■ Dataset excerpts

────────

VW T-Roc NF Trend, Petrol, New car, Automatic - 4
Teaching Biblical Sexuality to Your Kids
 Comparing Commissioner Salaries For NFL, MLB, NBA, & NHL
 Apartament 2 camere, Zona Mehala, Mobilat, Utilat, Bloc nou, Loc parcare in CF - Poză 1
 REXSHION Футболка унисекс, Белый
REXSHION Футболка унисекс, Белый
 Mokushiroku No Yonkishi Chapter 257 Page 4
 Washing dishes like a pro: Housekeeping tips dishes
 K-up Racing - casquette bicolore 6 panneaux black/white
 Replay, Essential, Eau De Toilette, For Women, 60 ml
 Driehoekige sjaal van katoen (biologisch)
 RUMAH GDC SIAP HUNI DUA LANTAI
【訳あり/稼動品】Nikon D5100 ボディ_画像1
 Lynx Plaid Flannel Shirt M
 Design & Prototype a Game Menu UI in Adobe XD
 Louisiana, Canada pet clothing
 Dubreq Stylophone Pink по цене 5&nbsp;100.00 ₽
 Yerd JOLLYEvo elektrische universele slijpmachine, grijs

────────

■ Problem details
Lines with "REXSHION": return each one from the data above.

■ Solution to this problem
 REXSHION Футболка унисекс, Белый
REXSHION Футболка унисекс, Белый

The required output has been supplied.